# I hurted myself   now i am sad



## frodo (Sep 10, 2016)

was surfing the web, and started coughing,  coughed so hard I passed out
face planted on the floor,  split my eye brow open  and put a knot on it

laid on the floor doing the fish flop


----------



## oldognewtrick (Sep 10, 2016)

Come on man... came home late and she introduced you to the frying pan, didn't she...:nono:    :banana:


----------



## bud16415 (Sep 10, 2016)

Whenever I do that I stand up and start screaming &#8220;Adrian Adrian&#8221;.


----------



## Chris (Sep 10, 2016)

I've never coughed so hard I passed out. Sounds amazing.


----------



## havasu (Sep 10, 2016)

Me thinks you are doing it wrong...

https://en.wikipedia.org/wiki/Erotic_asphyxiation

:rofl:


----------



## slownsteady (Sep 10, 2016)

Frodo: make that photo your new avatar.
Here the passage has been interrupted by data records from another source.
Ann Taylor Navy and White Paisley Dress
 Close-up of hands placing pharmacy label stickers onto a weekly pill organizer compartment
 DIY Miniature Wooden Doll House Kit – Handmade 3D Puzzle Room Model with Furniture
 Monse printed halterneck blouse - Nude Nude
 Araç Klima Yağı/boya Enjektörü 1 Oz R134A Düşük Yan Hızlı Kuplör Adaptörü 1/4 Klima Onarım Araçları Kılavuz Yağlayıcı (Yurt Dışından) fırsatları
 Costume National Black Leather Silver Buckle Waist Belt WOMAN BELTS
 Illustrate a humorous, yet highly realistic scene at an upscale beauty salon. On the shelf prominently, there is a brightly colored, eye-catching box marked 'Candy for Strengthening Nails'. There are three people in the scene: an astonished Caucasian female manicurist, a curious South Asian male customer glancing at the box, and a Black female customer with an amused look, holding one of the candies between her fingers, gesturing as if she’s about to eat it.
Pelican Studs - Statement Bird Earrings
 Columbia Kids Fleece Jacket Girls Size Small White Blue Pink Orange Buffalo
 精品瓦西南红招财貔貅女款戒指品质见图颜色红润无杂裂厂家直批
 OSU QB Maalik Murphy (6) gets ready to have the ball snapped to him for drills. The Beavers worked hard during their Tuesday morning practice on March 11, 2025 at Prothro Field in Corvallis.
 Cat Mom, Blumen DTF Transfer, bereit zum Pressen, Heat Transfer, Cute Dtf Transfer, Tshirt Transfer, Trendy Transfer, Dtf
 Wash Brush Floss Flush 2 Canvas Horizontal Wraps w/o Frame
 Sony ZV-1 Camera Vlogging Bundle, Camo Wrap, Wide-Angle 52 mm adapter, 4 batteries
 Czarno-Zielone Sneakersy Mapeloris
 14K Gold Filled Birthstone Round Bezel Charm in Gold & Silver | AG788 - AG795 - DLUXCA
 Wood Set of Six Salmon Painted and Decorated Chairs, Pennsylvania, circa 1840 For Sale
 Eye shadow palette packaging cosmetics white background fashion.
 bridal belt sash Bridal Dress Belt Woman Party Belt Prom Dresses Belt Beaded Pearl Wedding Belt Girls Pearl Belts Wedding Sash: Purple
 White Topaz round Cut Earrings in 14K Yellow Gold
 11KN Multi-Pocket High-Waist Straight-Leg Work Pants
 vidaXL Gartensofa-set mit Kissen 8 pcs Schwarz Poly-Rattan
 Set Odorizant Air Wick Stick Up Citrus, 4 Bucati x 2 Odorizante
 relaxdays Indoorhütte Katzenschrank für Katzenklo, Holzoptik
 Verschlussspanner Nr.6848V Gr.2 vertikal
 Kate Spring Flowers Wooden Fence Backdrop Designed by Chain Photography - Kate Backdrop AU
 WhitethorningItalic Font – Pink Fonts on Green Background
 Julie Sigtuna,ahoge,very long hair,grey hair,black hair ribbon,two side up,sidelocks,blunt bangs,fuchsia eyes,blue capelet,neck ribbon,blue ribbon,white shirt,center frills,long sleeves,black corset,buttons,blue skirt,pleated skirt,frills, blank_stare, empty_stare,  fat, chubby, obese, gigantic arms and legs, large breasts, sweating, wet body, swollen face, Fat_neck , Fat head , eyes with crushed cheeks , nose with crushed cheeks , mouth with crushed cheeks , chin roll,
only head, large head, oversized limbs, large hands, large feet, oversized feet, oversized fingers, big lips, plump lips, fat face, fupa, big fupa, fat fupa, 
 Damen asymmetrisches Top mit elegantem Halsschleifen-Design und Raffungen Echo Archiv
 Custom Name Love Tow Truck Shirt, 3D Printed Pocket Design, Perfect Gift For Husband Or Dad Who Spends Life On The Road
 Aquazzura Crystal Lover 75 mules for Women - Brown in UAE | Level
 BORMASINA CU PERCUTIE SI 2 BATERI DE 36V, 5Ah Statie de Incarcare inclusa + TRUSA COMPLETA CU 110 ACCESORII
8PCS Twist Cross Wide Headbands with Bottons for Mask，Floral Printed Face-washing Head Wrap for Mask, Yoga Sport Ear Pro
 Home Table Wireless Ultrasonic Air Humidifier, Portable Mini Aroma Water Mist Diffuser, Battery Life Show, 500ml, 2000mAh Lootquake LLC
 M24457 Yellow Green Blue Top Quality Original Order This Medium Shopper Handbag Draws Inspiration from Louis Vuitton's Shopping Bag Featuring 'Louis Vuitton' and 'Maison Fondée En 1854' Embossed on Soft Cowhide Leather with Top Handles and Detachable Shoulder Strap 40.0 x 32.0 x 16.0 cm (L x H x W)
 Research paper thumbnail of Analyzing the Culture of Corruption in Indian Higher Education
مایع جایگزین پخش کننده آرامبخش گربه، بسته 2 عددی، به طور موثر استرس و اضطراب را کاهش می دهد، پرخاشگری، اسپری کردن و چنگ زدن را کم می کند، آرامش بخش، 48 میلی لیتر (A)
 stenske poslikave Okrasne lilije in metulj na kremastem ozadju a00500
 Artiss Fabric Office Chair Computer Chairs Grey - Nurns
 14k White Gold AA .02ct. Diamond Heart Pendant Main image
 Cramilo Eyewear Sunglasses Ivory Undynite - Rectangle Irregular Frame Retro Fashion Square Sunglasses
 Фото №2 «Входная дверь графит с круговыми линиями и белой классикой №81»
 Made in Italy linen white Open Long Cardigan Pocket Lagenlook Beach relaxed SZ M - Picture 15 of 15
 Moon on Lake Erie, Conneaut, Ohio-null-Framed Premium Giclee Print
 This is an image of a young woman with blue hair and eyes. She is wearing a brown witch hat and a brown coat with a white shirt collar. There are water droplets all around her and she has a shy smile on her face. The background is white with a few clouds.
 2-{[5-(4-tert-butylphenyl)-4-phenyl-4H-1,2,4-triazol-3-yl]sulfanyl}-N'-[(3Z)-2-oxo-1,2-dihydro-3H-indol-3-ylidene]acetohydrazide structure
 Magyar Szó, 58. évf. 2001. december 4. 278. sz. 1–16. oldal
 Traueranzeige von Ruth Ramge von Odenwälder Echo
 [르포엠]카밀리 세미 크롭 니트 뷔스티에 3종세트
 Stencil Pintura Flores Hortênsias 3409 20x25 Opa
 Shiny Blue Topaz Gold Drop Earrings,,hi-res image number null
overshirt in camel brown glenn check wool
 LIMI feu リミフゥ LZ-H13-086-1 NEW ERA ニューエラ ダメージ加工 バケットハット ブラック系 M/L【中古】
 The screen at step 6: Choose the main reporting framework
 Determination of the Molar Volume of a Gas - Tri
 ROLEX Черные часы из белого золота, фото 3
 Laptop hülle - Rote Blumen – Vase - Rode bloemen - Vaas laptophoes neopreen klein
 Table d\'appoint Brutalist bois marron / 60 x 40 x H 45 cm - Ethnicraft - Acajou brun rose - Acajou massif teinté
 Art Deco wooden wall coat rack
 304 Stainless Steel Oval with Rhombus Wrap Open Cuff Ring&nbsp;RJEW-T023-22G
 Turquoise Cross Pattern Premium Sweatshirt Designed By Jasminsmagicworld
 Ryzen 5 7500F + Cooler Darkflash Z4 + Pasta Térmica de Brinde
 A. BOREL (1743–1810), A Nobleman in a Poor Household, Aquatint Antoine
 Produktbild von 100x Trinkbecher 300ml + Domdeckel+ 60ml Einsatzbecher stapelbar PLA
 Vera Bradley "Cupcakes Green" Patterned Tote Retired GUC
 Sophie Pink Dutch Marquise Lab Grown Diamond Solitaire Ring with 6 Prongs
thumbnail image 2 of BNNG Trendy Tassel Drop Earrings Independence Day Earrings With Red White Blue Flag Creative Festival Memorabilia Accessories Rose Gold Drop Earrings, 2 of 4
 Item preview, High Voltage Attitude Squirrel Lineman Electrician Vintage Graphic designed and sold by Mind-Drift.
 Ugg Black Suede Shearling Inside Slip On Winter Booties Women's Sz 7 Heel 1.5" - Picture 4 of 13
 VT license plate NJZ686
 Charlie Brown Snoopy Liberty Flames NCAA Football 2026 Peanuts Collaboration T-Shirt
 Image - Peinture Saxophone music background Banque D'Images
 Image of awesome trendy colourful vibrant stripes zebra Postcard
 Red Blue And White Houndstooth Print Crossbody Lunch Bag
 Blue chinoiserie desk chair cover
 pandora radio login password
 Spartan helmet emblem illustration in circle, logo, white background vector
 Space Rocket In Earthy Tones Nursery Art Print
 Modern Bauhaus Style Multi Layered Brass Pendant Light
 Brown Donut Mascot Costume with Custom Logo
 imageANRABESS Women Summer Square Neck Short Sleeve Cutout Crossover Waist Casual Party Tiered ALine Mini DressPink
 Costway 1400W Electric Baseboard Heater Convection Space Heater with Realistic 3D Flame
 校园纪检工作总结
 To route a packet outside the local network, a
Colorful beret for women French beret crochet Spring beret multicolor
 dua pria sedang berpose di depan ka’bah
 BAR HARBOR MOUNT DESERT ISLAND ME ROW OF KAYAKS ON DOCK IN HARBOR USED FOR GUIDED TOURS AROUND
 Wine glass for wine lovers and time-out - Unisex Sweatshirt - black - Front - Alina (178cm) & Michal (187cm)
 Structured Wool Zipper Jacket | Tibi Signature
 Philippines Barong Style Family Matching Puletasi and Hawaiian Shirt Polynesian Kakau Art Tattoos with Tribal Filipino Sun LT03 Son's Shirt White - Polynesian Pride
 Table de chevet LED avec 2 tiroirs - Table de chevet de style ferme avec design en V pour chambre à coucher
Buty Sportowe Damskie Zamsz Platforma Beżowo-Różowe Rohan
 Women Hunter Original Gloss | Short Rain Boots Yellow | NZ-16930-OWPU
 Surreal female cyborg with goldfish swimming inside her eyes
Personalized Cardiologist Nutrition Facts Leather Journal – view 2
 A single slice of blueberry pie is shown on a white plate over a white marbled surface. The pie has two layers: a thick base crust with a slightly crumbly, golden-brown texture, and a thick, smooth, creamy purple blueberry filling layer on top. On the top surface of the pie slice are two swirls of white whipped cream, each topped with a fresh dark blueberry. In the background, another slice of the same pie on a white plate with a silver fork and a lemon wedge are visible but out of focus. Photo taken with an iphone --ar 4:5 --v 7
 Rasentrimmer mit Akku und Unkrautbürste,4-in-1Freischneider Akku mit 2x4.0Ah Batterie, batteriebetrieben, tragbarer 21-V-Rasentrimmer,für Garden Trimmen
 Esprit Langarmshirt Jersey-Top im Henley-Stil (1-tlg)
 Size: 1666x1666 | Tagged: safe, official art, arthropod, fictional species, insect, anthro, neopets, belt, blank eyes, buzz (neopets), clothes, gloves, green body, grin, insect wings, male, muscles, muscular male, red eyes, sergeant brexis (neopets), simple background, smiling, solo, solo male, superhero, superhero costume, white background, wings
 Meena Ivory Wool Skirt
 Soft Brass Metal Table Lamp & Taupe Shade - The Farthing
Everyone will be scared $hit to argue with you


----------



## inspectorD (Sep 10, 2016)

Frodo...lay off the catnip for a while bud...:rofl:


----------



## frodo (Sep 10, 2016)

now my eye turned black.  i look like i stood up instead of shut up


----------



## slownsteady (Sep 10, 2016)

That'll learn 'ya!


----------



## KULTULZ (Sep 19, 2016)

It's said beauty is only skin deep but ugly goes to the bone... :hide:


----------



## nealtw (Sep 19, 2016)

That can happen to the best of us
http://www.nydailynews.com/news/national/prez-chokes-pretzel-faints-article-1.490564


----------